Algunas referencias fueron suprimidas con el fin de propiciar una lectura más ágil. El lector que lo desee, puede consultar “Fuentes y bibliografía” para conocer todas las referencias e incluso marcar su propia ruta en la apasionante investigación y apropiación de este gran tema.
La Universidad Autónoma Metropolitana y el Consejo Nacional de Ciencia y Tecnología (proyecto de investigación básica 150714) me brindaron las condiciones indispensables para elaborar este volumen. En la Universidad de París IV (Sorbonne Nouvelle), el CIDE, la Universidad de Princeton, la UAM y la Fundación Getulio Vargas (Río de Janeiro) recibí valiosos comentarios a mi investigación que adquirió la forma de libro gracias a la amable invitación de Francisco Quijano.

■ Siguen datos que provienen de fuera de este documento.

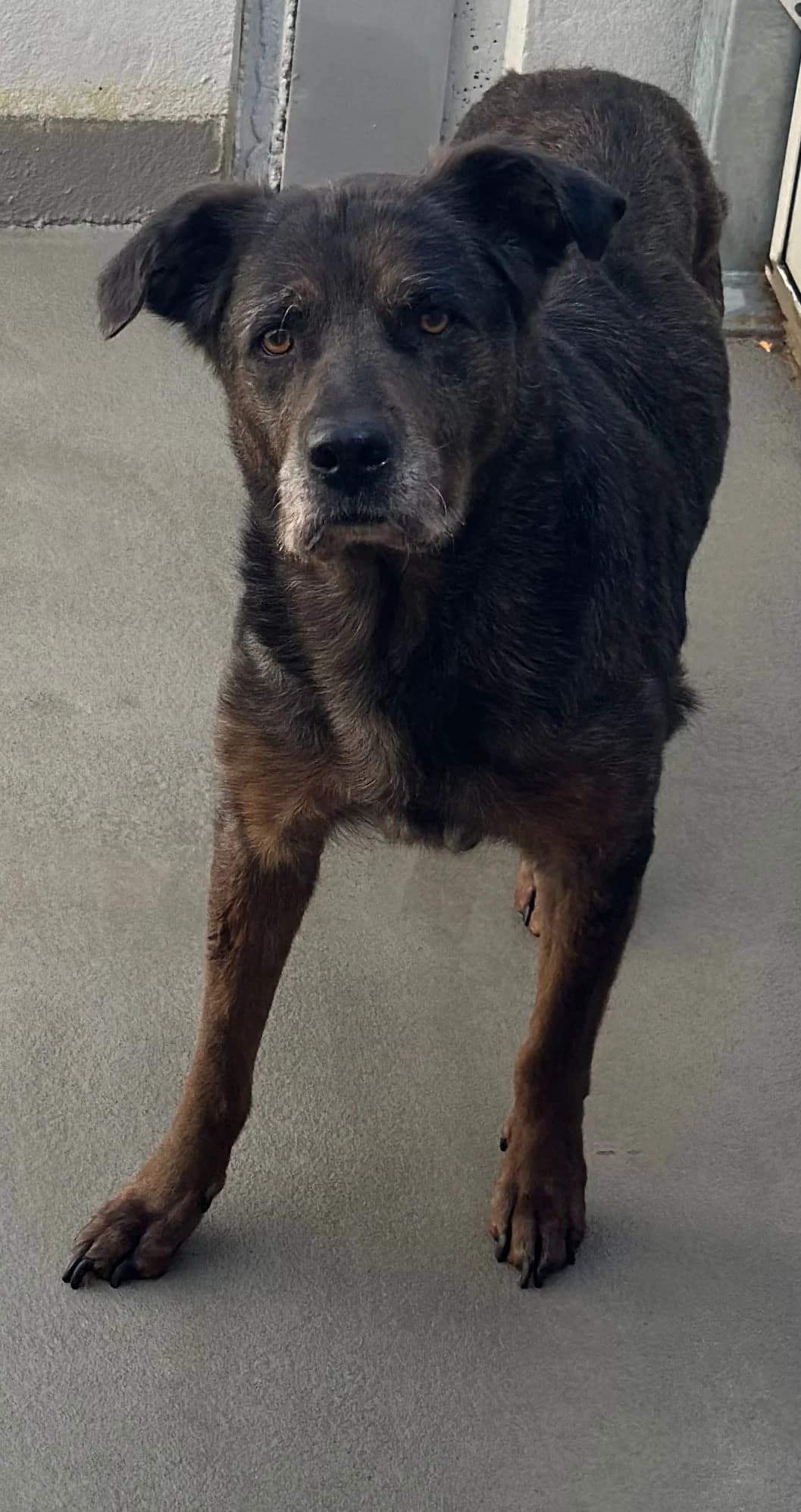 Bonnie, female Mixed Breed for adoption at Tierheim Cottbus, Cottbus — photo 3 of 3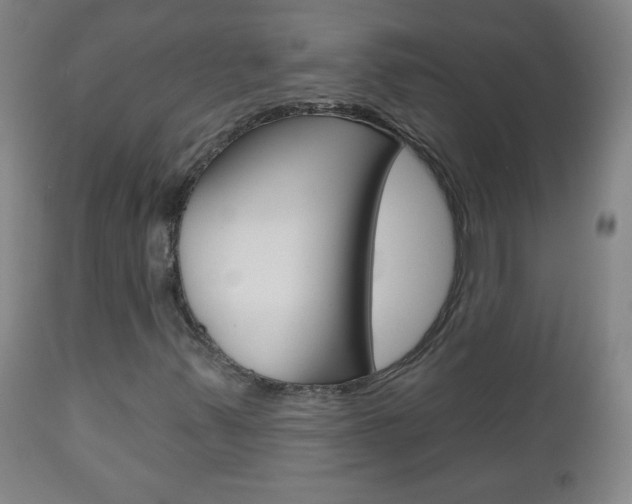 X0000111051347200906251109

Guillén Torres Sepúlveda realizó una valiosa recopilación documental empleada en los dos últimos capítulos del libro. En rigor, sin embargo, el saldo completo de errores y omisiones es únicamente mío.
Chapultepec, diciembre de 2013
Habitualmente se han clasificado a las izquierdas mexicanas con base en su estrategia política y métodos de acción (reformismo, comunismo, ultraizquierdismo, etcétera), poniendo menos atención en el cuerpo doctrinal que las configuran y las corrientes históricas de las que forman parte. La perspectiva temporal prácticamente no rebasa el siglo XX, como si aquéllas fueran producto de la Revolución mexicana o su punto de referencia fuera inequívocamente el comunismo oficial (Bartra, 1982, p. 88; Anguiano, 1997, pp. 44 y siguientes; Semo, 2004, p. 130; Aguilar Camín, 2008, p. 13).

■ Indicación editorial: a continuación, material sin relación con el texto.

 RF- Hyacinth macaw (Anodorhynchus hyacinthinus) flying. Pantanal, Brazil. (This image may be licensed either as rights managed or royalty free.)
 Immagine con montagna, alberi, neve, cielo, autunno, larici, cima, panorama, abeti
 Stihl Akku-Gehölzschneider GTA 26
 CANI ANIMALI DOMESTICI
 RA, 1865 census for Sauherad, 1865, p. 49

Las izquierdas, consideramos, surgieron en la segunda mitad del siglo XIX en la que podríamos llamar época romántica, esto es, alrededor de la Reforma liberal, cuando se define un proyecto nacional que incluye la modernización del Estado, la separación entre éste y la Iglesia, la formación de una sociedad de pequeños propietarios, el sufragio universal, la educación pública, la disminución de las competencias de las corporaciones, la libertad económica, la moral cívica y la puesta en operación de un imaginario republicano. Todavía no se construyen las identidades clasistas, pero comienza a surgir la sociedad civil a través de asociaciones diversas, resurgen las rebeliones campesinas en buena parte del país y arriban las iglesias disidentes. Todo esto en un ambiente intelectual dominado por el catolicismo, pero en el cual empiezan a abrirse paso las posturas espiritualistas y heterodoxas dentro de la filosofía, surgen el pensamiento social y la literatura nacional, y apenas las ideas positivistas comienzan a despuntar. Al mismo tiempo, conviven las ideologías liberal, conservadora y socialista apenas concluido su proceso de diferenciación.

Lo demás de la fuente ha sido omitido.